Husch Blackwell secured a victory before the U.S. Court of Appeals for the Eighth Circuit on behalf of Industrial Combustion, LLC (IC) and its affiliated company Cleaver-Brooks, Inc., in litigation brought under the Minnesota Franchise Act by a former distributor of IC-manufactured burners used in institutional boiler systems. The published appellate decision affirmed a complete defense victory on summary judgment in the U.S. District Court for the District of Minnesota.
The Eighth Circuit identified the central question in the case at outset: “When a manufacturer sells replacement parts to a distributor to repair products the distributor sold, does the manufacturer collect an indirect “franchise fee” within the meaning of the Minnesota Franchise Act, Minn. Stat. § 80C.01, subd. 4, if it charges the distributor a price based on the retail price the manufacturer paid a third party vendor for the parts?” The court then provided an unequivocal answer: “We agree with the district court the answer is clearly no.”
Plaintiffs—former distributors of IC-manufactured burners and parts--brought suit in 2019 after IC issued a notice of termination of a distributorship arrangement that had spanned many decades.

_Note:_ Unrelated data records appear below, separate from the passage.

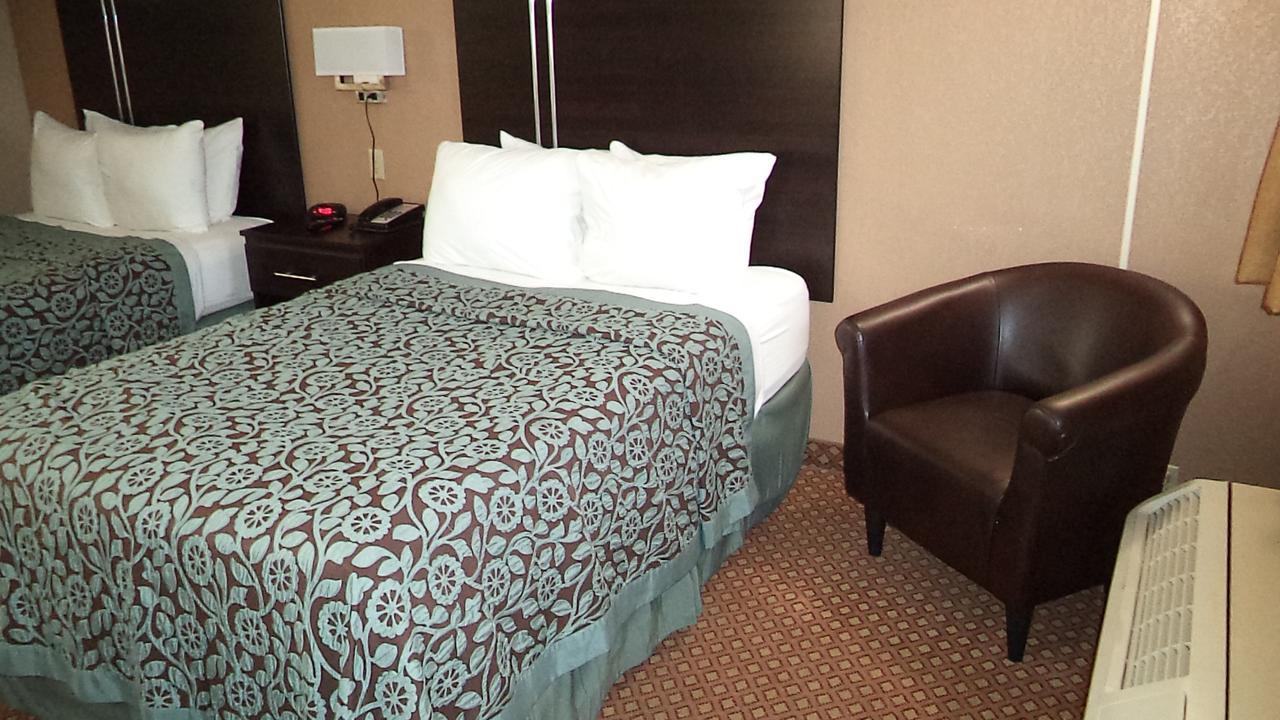Days Inn By Wyndham Maumee/Toledo Eksteriør billede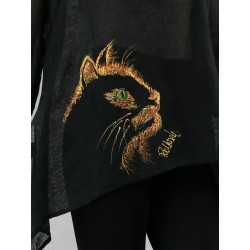 Czarna bluzka lniana z wydłużonymi bokami, ozdobiona ręcznie malowanym kotem w złotym kolorze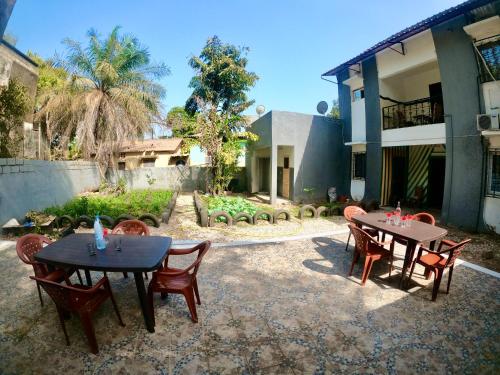 Kër Adja (Ker Adja) in 兹金卓尔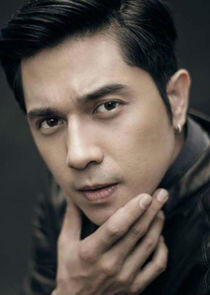 photo of Paulo Avelino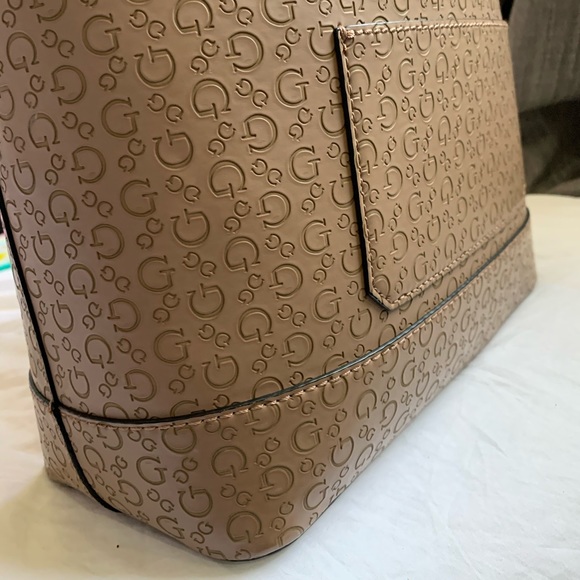 Guess - Picture 9 of 9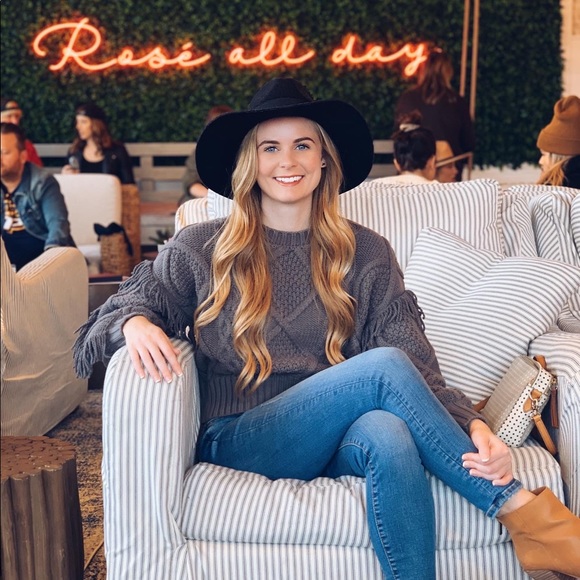 Meet your Posher, Hannah - Picture 1 of 1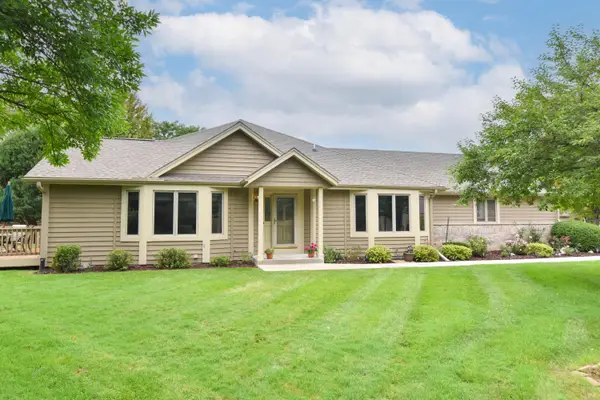 N21W24347 Deer Park Ct, Pewaukee, WI 53072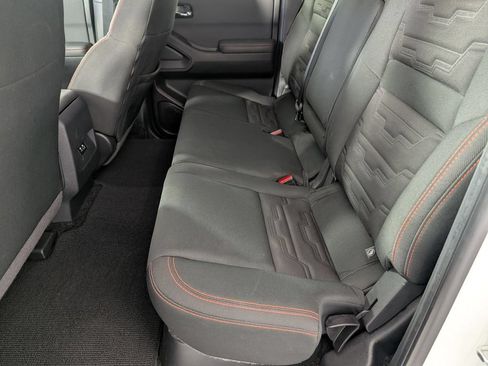 Used 2024 Nissan Frontier PRO-4X AWD/4WD image 28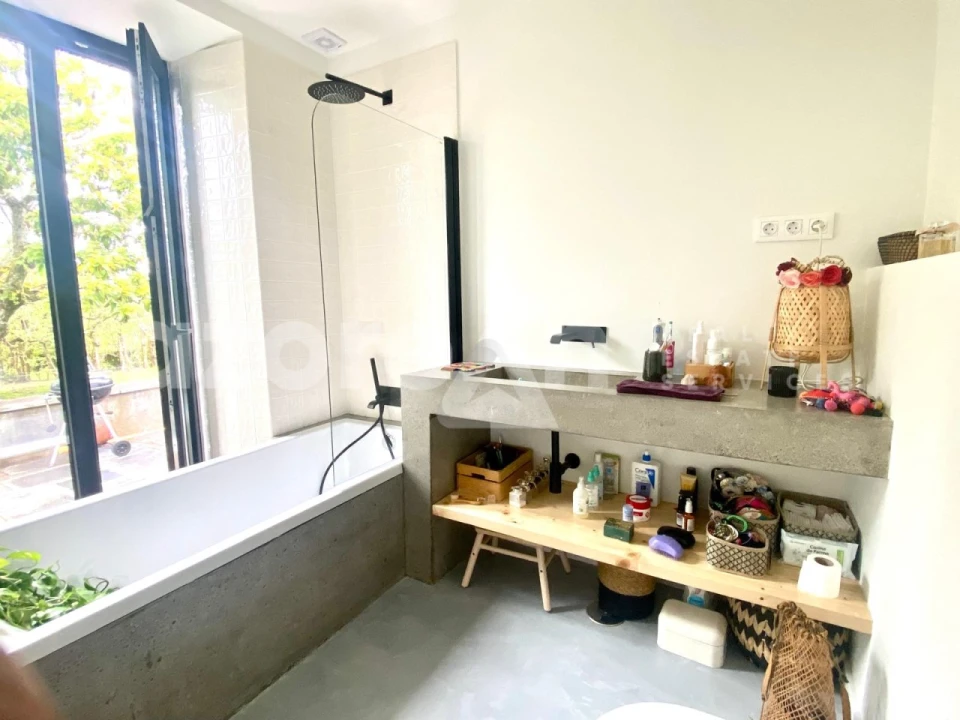 Moradia T2 para Venda em Capelas Foto 7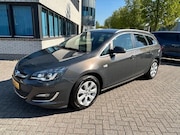 Opel Astra - Sports Tourer 1.4 Turbo Sport + NAVI CRUISE CLIMA XENON.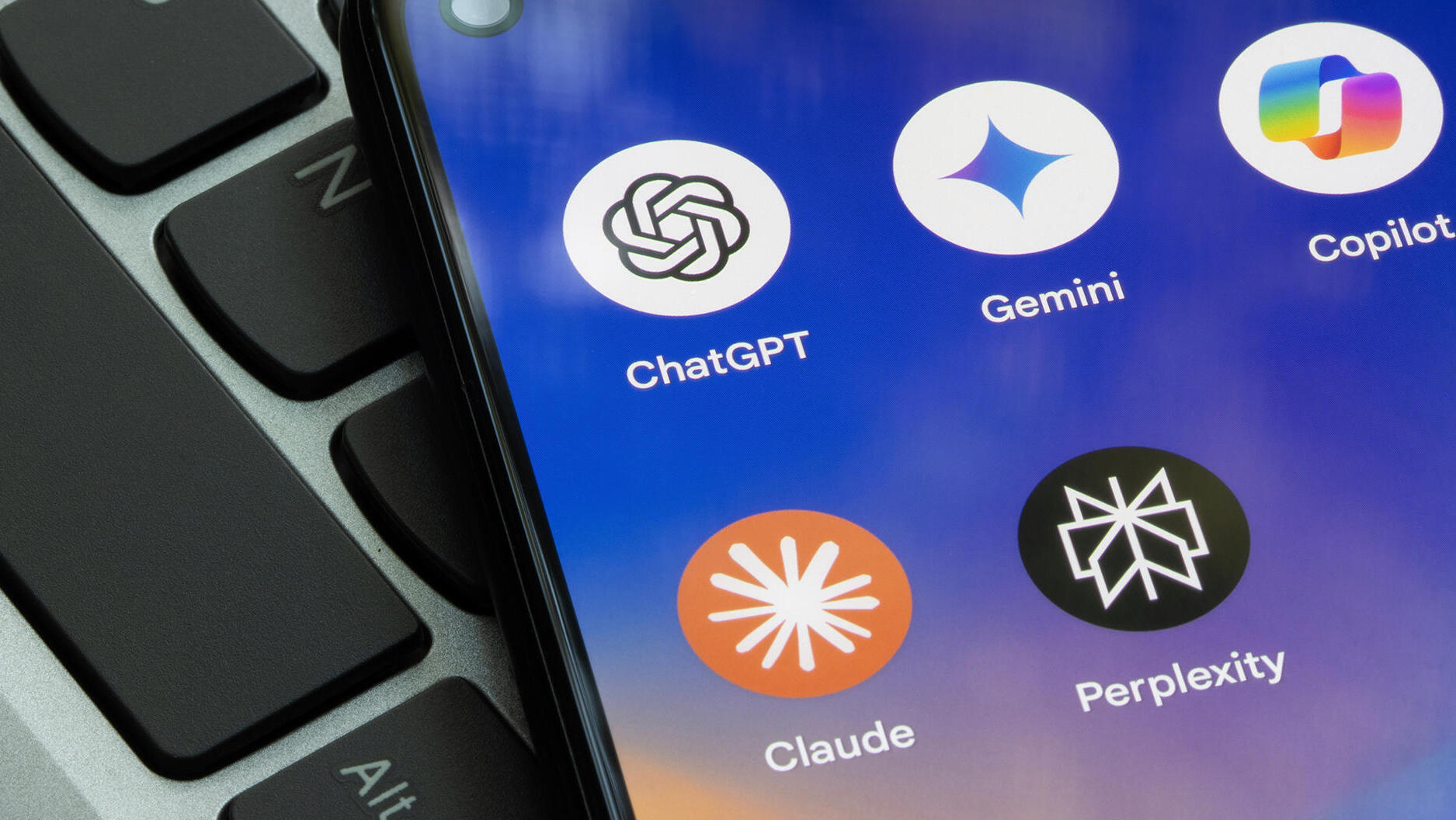 כלי בינה מלאכותית AI ChatGPT ג'מיני קופיילוט קלוד פרפלקסיטי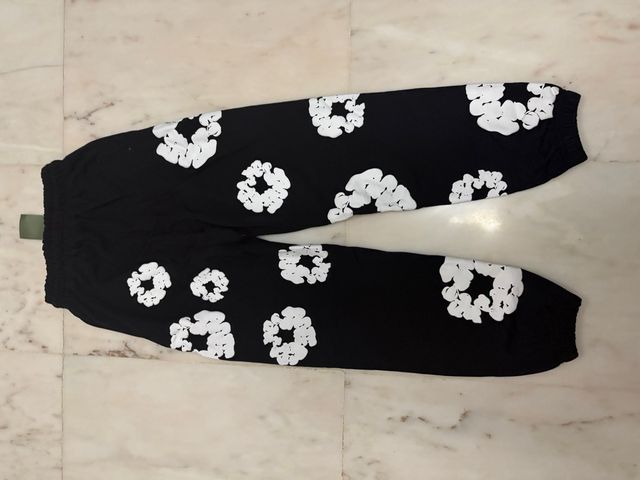 Sudadera Denim Tears con estampado floral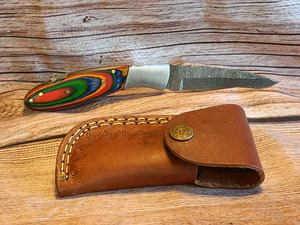 Hand Crafted Damascus Knife & Leather Pouch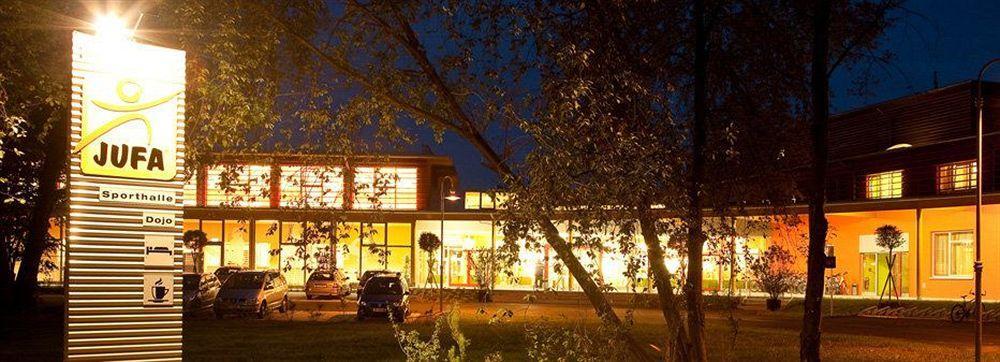 Jufa Hotel Лайбниц Екстериор снимка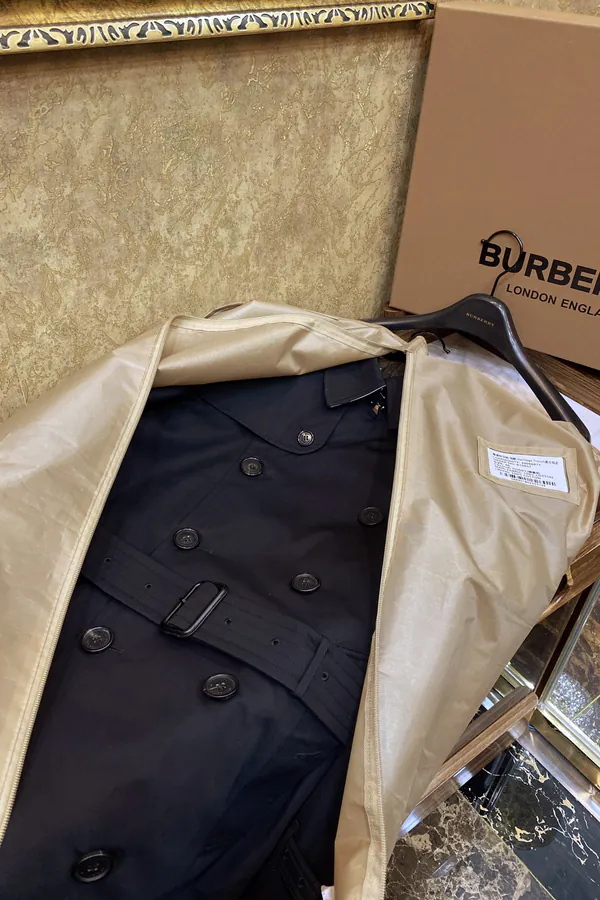 Burberry桑德林汉姆系列经典中长款风衣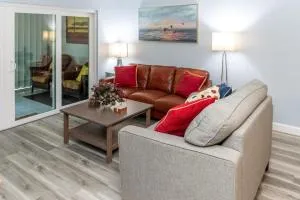 Elegant 2BR Condo with Pool near Crystal Lake - West Dixie Bend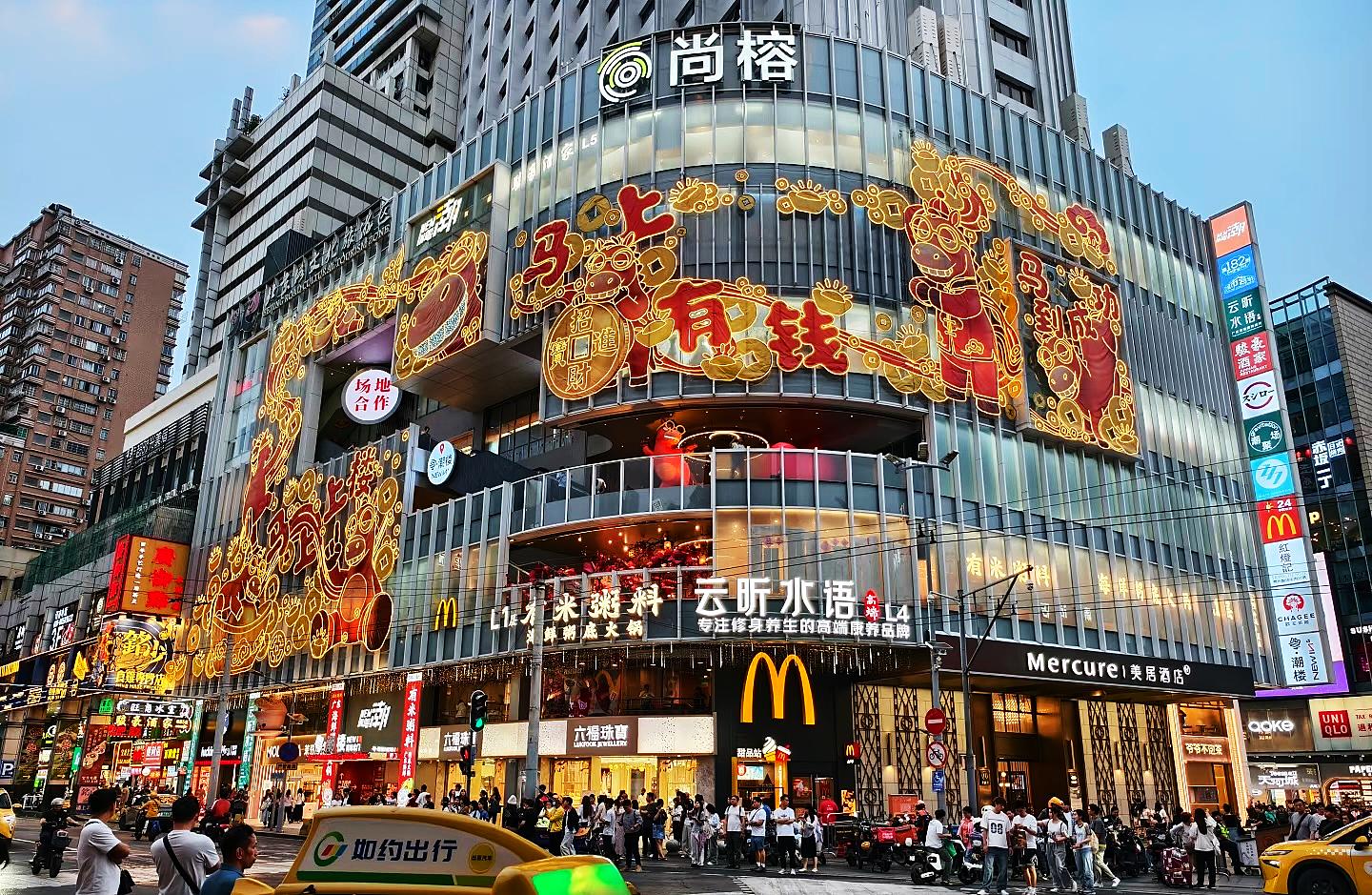 别让新年预算打水漂：商场春节节日美陈氛围提升设计公司筛选维度（图ZMTU5MzM2MTI=） - 观点 - 站酷设计师柿子创意机构原创素材 - 站酷ZCOOL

The lawsuit sought damages, declaratory judgment, and injunctive relief for an alleged violation of the Minnesota Franchise Act, on the theory that the parties had a “franchise” relationship under the statute, which could only be terminated for cause. Plaintiffs also brought claims for breach of contract and promissory estoppel.
The Eighth Circuit shot down each of the claims at issue, and in so doing clarified how the court construes key provisions of the Minnesota Franchise Act. The court held that for sales above bona fide wholesale prices to constitute a franchise fee, there must be evidence of compulsion accompanied by the threat of termination. The court found that plaintiffs in this case failed to present sufficient evidence that IC required them to purchase minimum quantities of replacement parts in order to continue the distributorship business. Therefore, IC’s sales of replacement parts to plaintiffs above bona fide wholesale prices did not constitute an indirect franchise fee. This decision should help thwart future attempts by distributors to attach the protections of franchise law to traditional manufacturer-distributor relationships.
As mentioned, the Eighth Circuit’s decision affirmed a Husch Blackwell victory in the U.S. District Court for the District of Minnesota. At the outset of the litigation, the court denied the plaintiffs’ motion for a preliminary injunction enjoining IC from terminating the distributorship. The court then dismissed some of plaintiffs’ claims on a motion to dismiss and disposed of plaintiffs’ remaining claims on summary judgment.
The Husch Blackwell team included Ann Maher, Joseph Diedrich, and Jacob Harris.